The records –
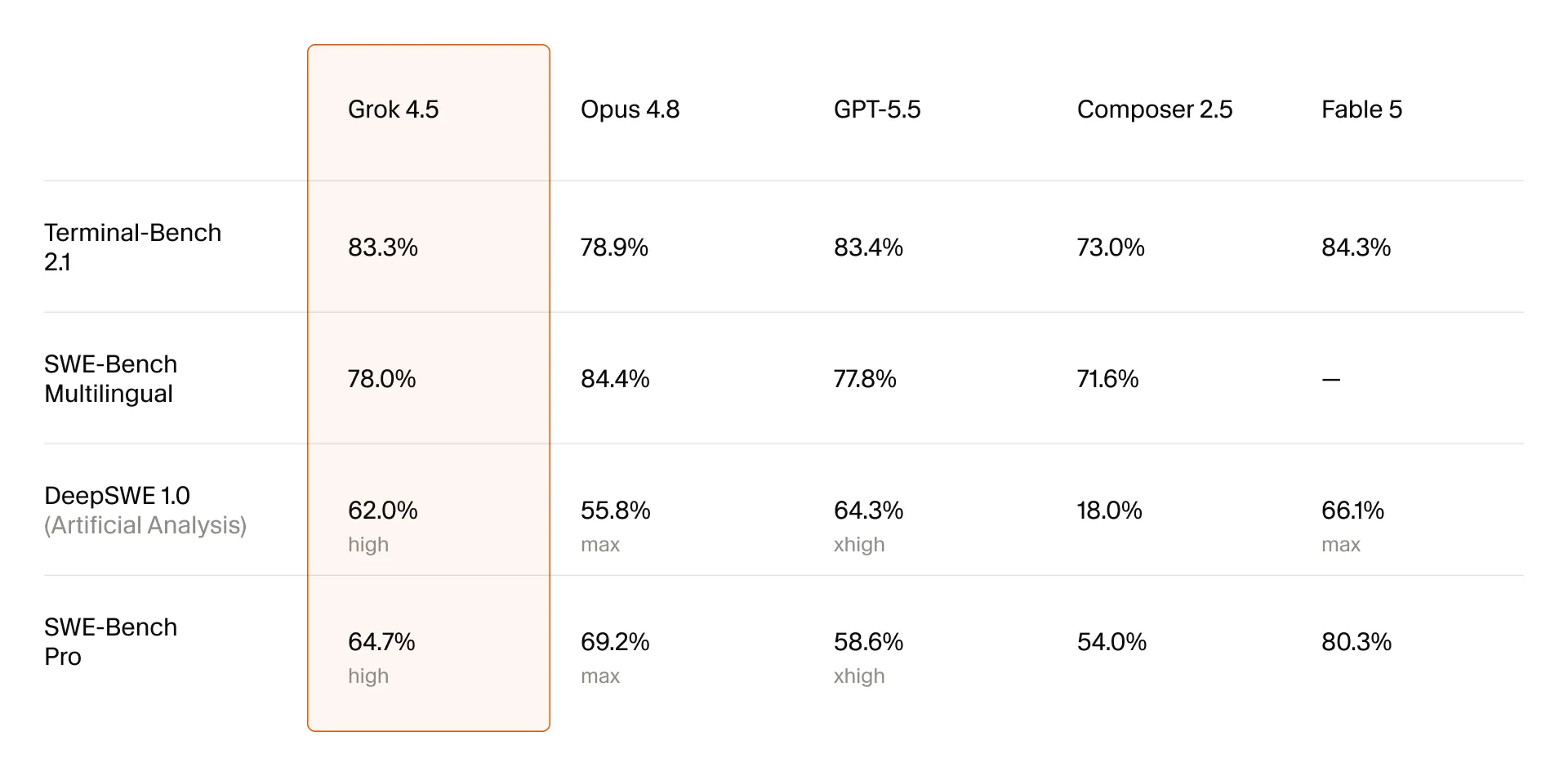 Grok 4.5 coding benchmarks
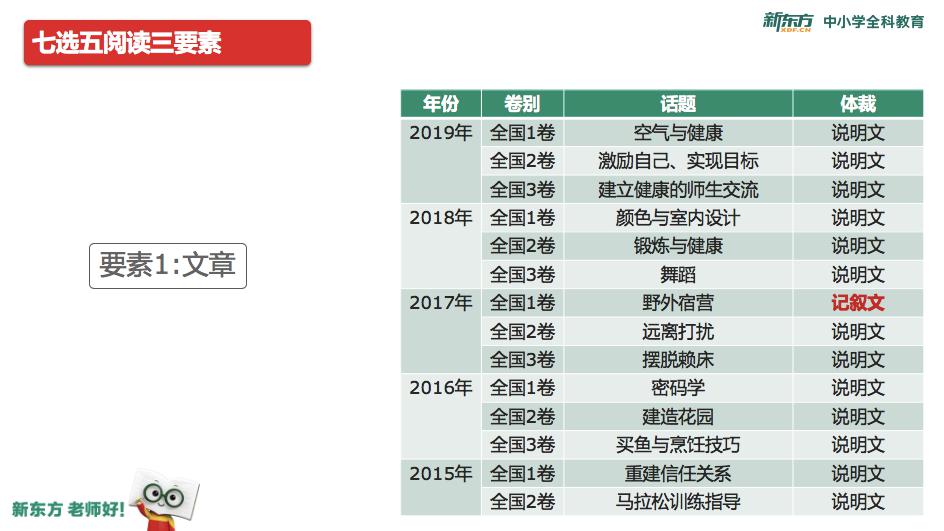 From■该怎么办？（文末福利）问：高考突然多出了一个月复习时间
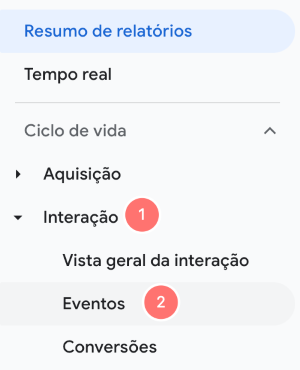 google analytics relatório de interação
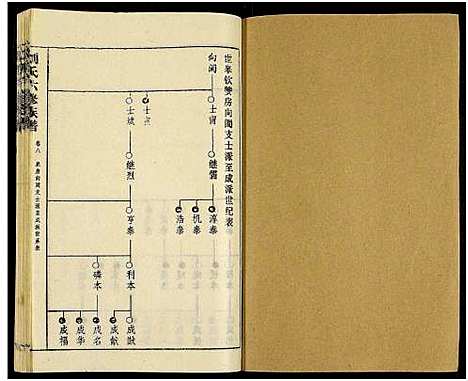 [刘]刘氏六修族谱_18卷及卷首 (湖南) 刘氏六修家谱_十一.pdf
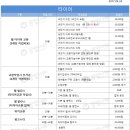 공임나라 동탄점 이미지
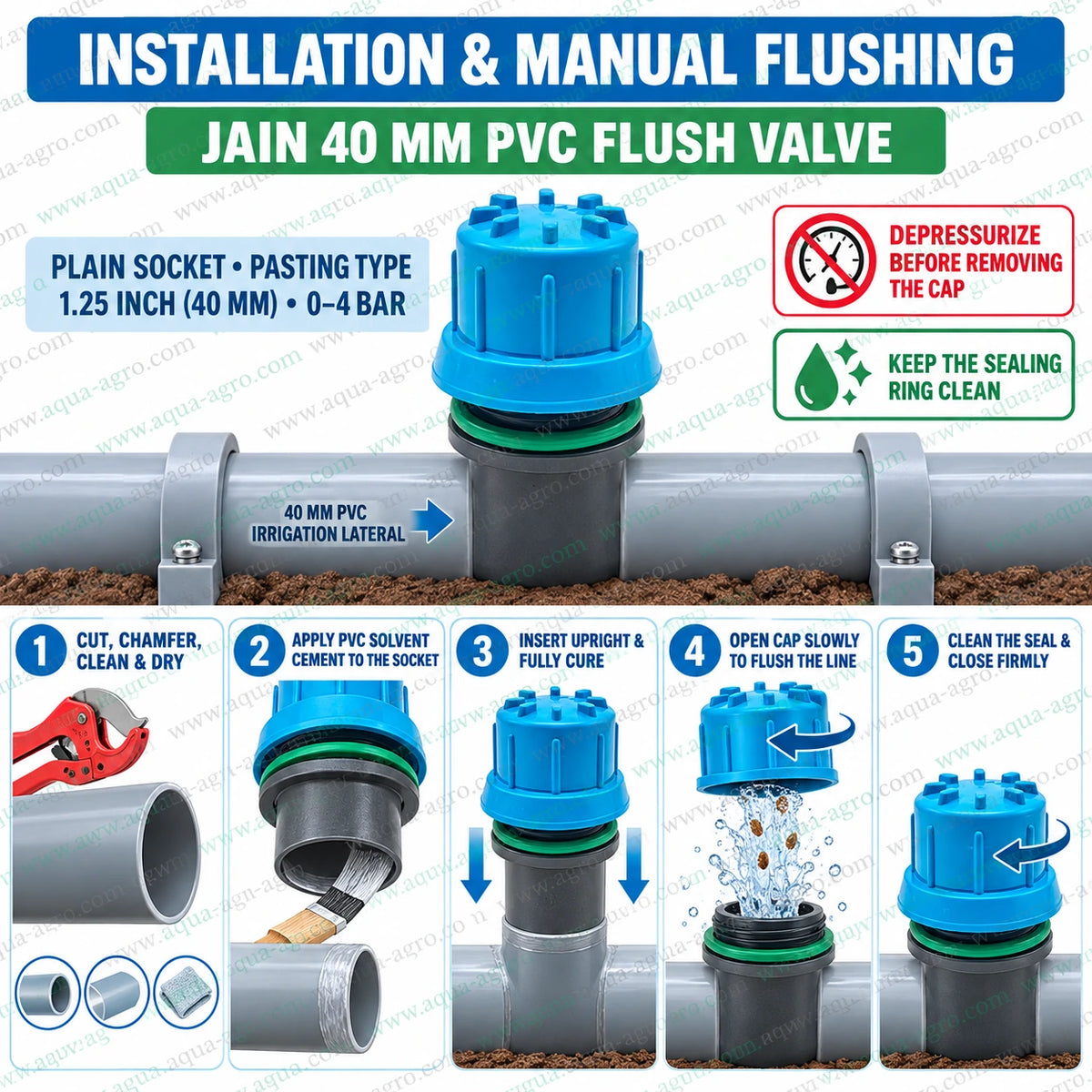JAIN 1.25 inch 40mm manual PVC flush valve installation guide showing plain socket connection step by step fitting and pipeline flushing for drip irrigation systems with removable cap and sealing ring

---

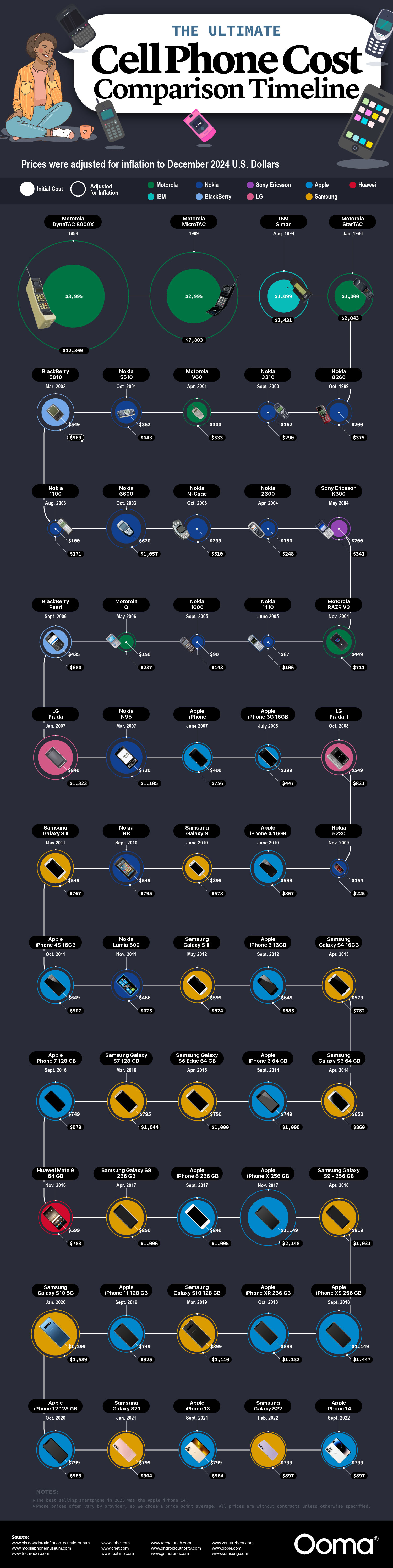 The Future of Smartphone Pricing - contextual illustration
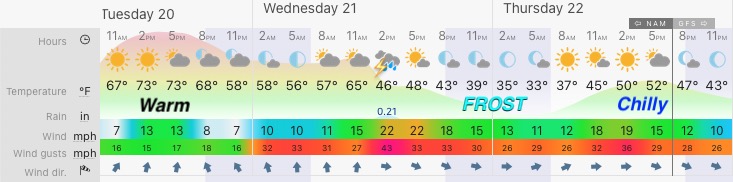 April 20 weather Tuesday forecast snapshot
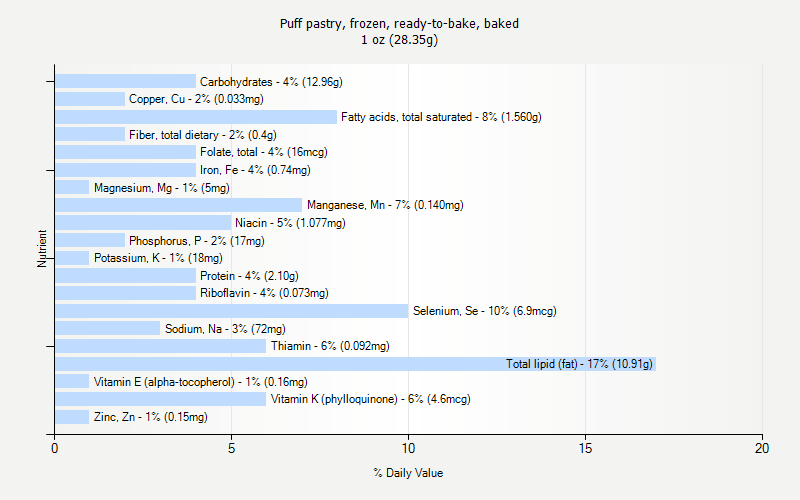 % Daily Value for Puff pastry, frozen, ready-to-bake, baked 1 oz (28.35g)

The task –
After locating "[刘]刘氏六修族谱_18卷及卷首 (湖南) 刘氏六修家谱_十一.pdf" and "JAIN 1.25 inch" in the records above, return exactly the line holding each one and every line between them; leave out the pictures.

Answer to the problem –
 [刘]刘氏六修族谱_18卷及卷首 (湖南) 刘氏六修家谱_十一.pdf
 공임나라 동탄점 이미지
JAIN 1.25 inch 40mm manual PVC flush valve installation guide showing plain socket connection step by step fitting and pipeline flushing for drip irrigation systems with removable cap and sealing ring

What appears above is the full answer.